What to work on: Quote the records in full and leave their pictures out.

Image-caption web data:
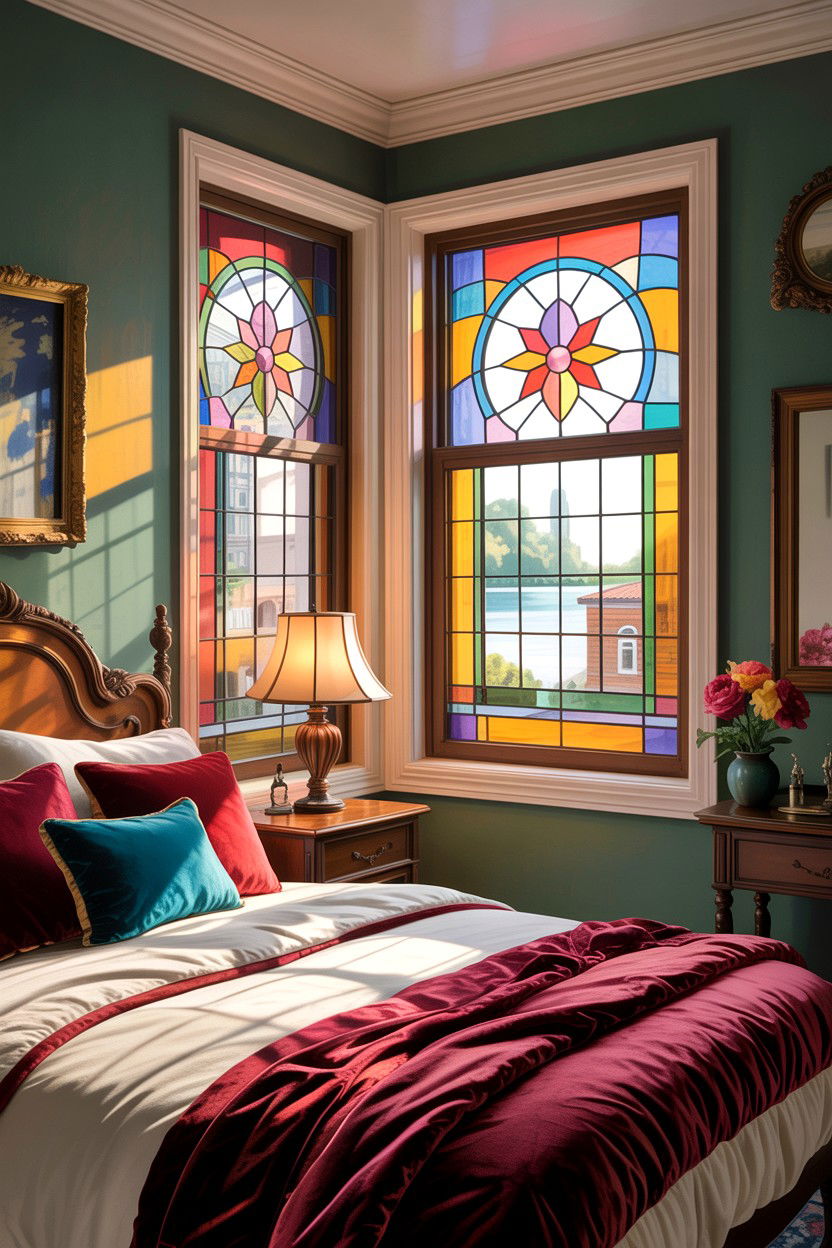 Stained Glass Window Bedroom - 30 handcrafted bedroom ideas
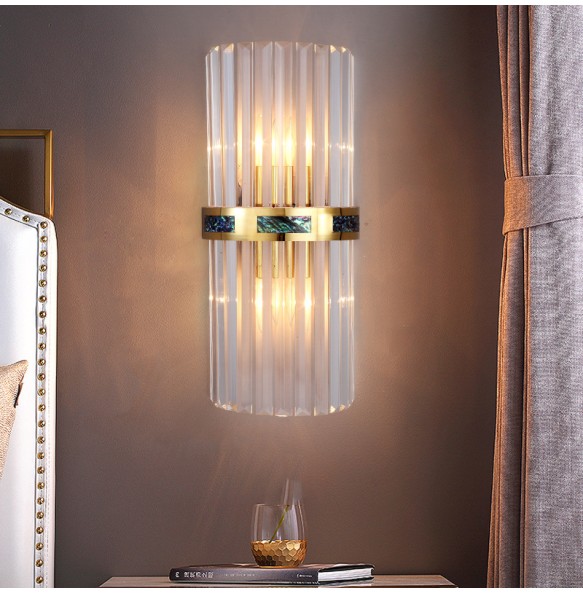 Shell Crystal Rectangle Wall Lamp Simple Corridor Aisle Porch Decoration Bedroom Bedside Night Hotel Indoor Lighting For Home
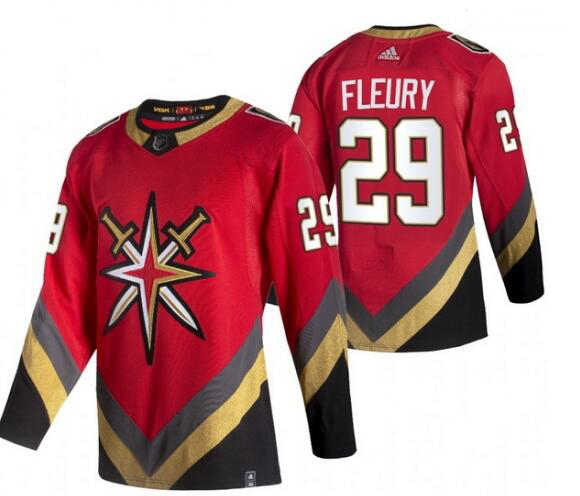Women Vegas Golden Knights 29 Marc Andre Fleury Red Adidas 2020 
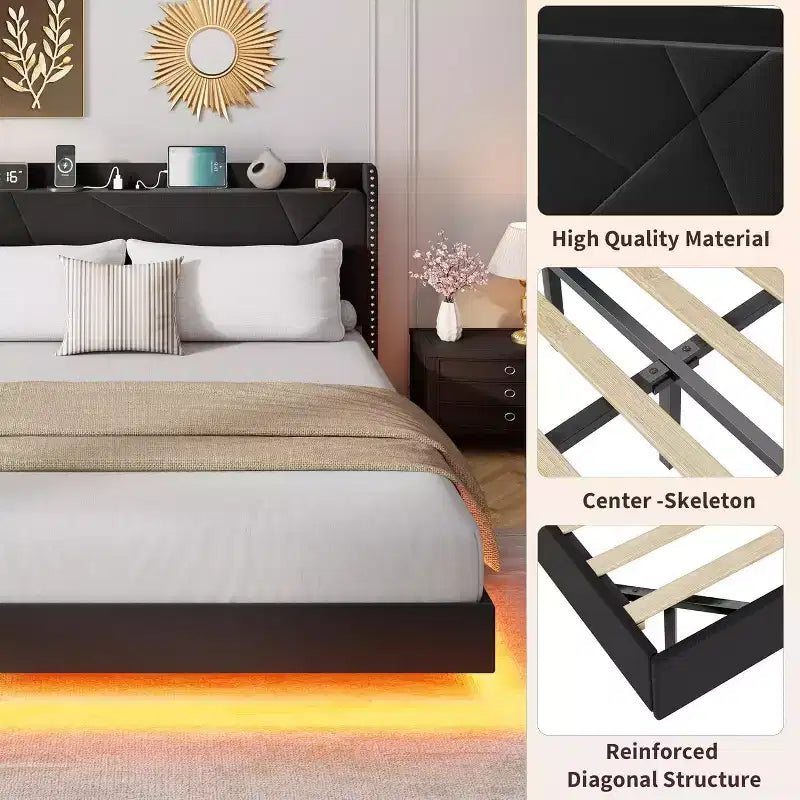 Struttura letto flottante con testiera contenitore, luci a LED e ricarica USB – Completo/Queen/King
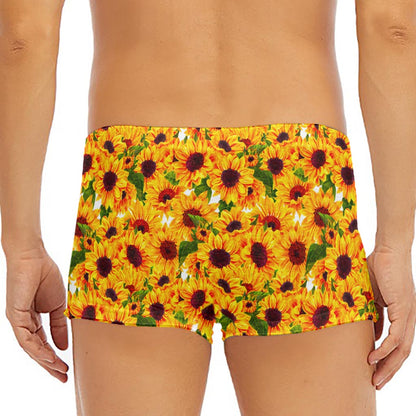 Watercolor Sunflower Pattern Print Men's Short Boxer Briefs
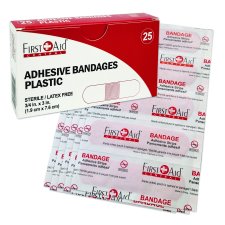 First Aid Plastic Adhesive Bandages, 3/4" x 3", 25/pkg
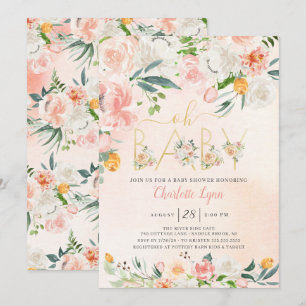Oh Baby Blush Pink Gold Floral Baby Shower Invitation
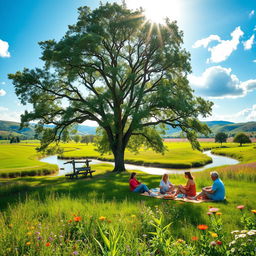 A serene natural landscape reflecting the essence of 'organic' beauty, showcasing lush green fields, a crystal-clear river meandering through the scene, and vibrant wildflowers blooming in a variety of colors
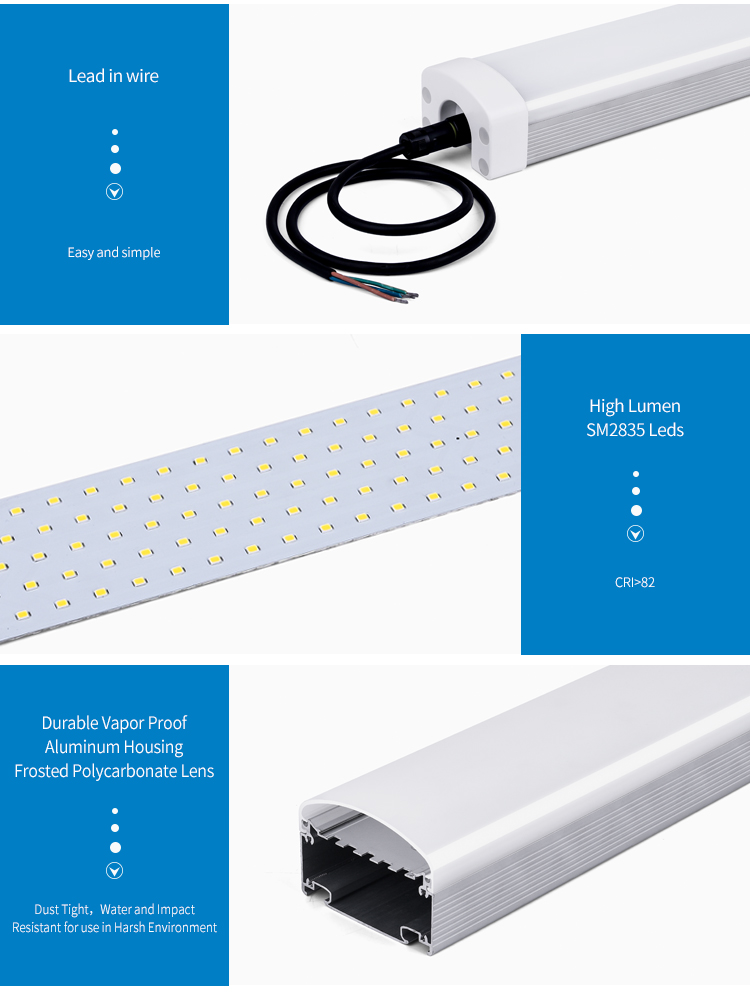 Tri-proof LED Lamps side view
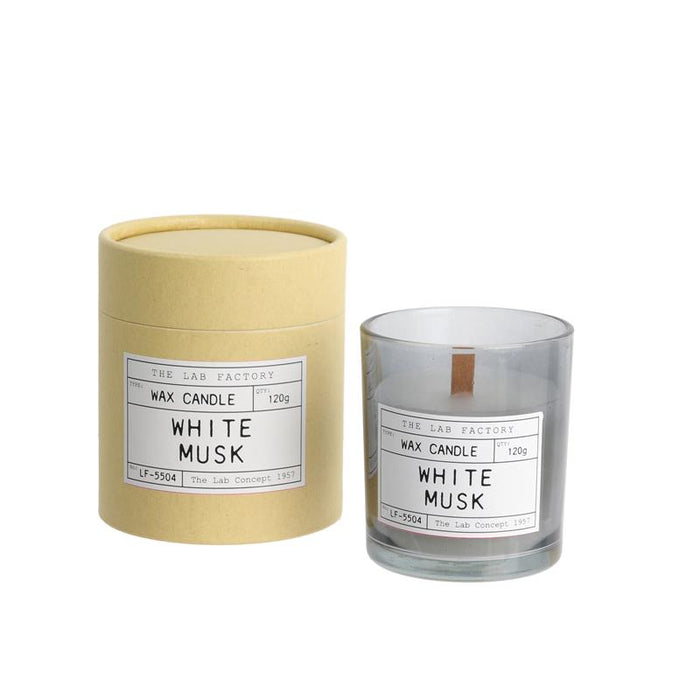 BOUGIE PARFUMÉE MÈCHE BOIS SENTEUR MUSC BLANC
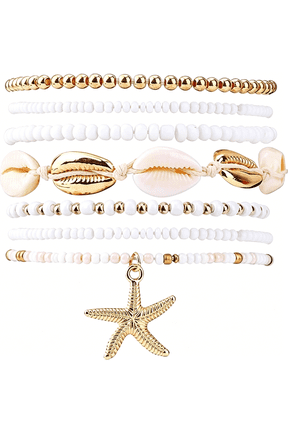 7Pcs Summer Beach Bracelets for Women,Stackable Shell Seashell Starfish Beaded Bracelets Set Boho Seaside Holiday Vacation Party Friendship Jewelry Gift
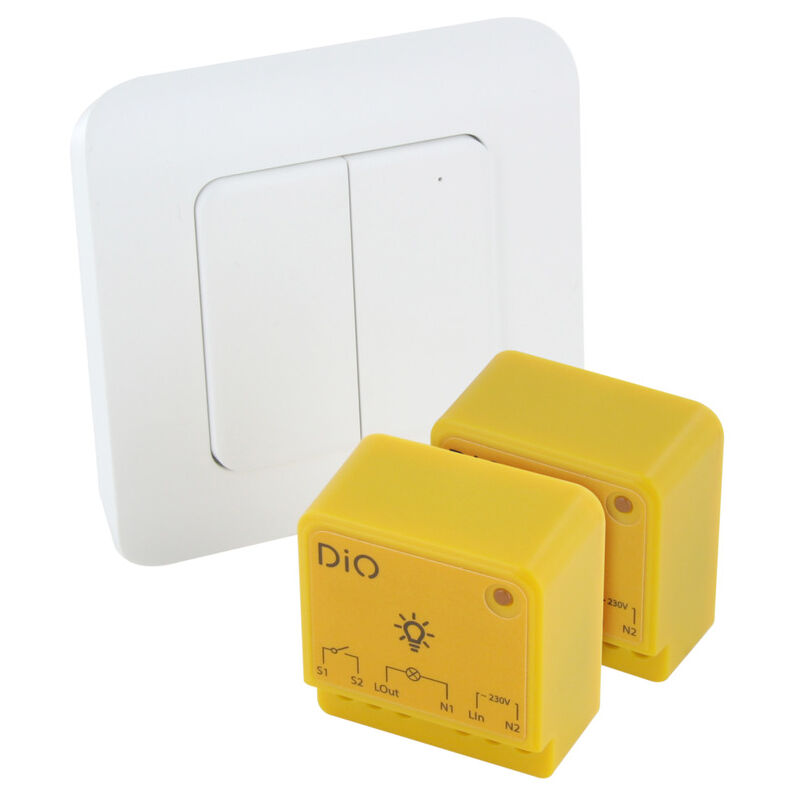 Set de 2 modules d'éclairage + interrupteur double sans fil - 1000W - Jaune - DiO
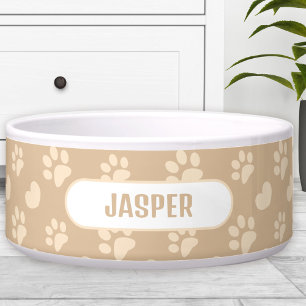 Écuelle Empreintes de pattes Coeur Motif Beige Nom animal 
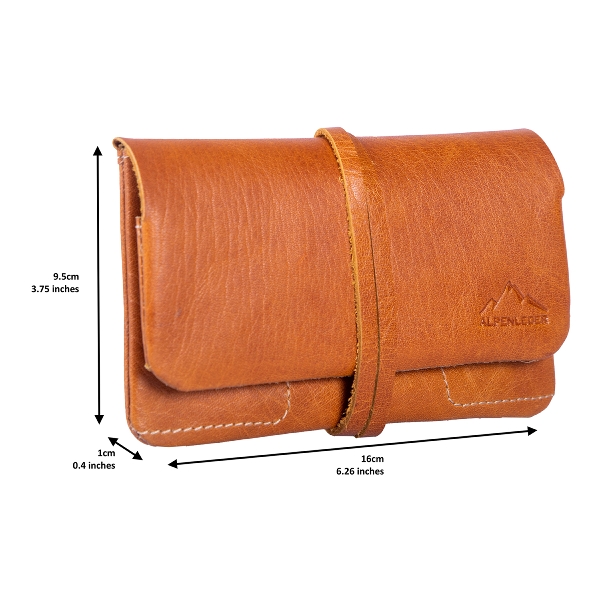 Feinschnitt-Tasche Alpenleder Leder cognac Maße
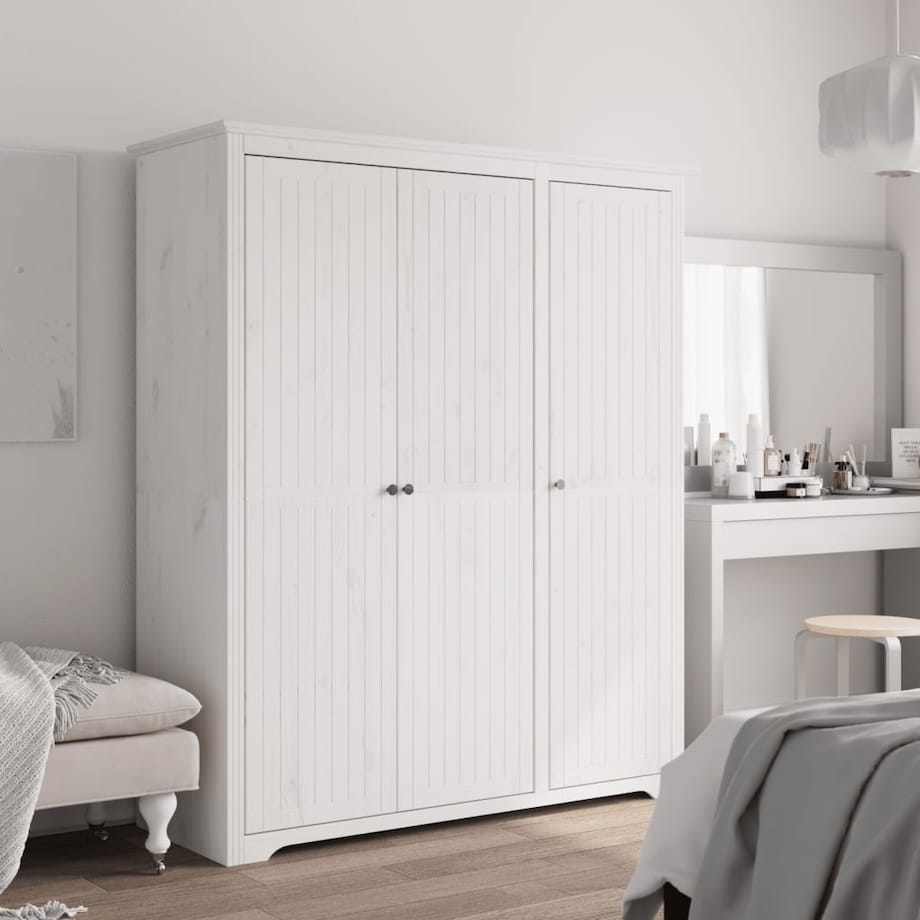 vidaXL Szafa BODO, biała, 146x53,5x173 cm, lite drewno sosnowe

Answer box:
 Stained Glass Window Bedroom - 30 handcrafted bedroom ideas
 Shell Crystal Rectangle Wall Lamp Simple Corridor Aisle Porch Decoration Bedroom Bedside Night Hotel Indoor Lighting For Home
Women Vegas Golden Knights 29 Marc Andre Fleury Red Adidas 2020 
 Struttura letto flottante con testiera contenitore, luci a LED e ricarica USB – Completo/Queen/King
 Watercolor Sunflower Pattern Print Men's Short Boxer Briefs
 First Aid Plastic Adhesive Bandages, 3/4" x 3", 25/pkg
Oh Baby Blush Pink Gold Floral Baby Shower Invitation
 A serene natural landscape reflecting the essence of 'organic' beauty, showcasing lush green fields, a crystal-clear river meandering through the scene, and vibrant wildflowers blooming in a variety of colors
 Tri-proof LED Lamps side view
 BOUGIE PARFUMÉE MÈCHE BOIS SENTEUR MUSC BLANC
 7Pcs Summer Beach Bracelets for Women,Stackable Shell Seashell Starfish Beaded Bracelets Set Boho Seaside Holiday Vacation Party Friendship Jewelry Gift
 Set de 2 modules d'éclairage + interrupteur double sans fil - 1000W - Jaune - DiO
 Écuelle Empreintes de pattes Coeur Motif Beige Nom animal 
 Feinschnitt-Tasche Alpenleder Leder cognac Maße
 vidaXL Szafa BODO, biała, 146x53,5x173 cm, lite drewno sosnowe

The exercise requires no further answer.